(WHAT THIS TASK INVOLVES): Could you return the data that follows exactly, minus the images?

(PROVIDED MATERIAL):
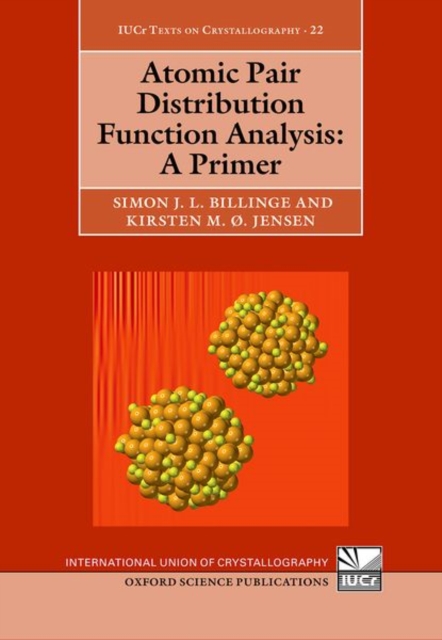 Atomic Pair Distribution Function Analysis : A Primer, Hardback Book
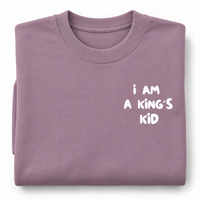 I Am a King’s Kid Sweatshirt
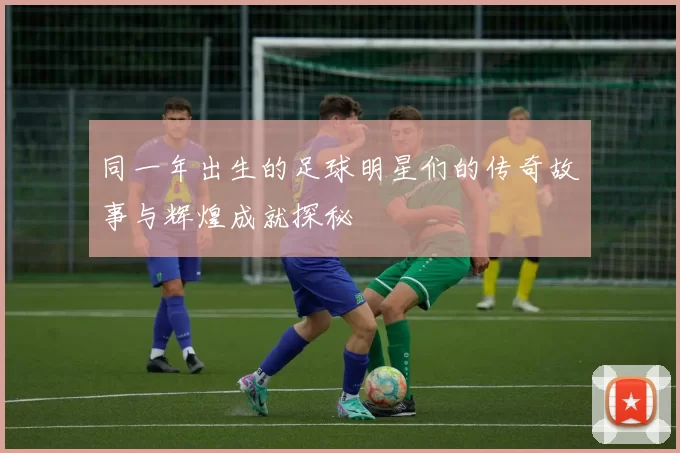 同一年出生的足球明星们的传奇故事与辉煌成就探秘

(RESULT OF THE TASK):
 Atomic Pair Distribution Function Analysis : A Primer, Hardback Book
 I Am a King’s Kid Sweatshirt
 同一年出生的足球明星们的传奇故事与辉煌成就探秘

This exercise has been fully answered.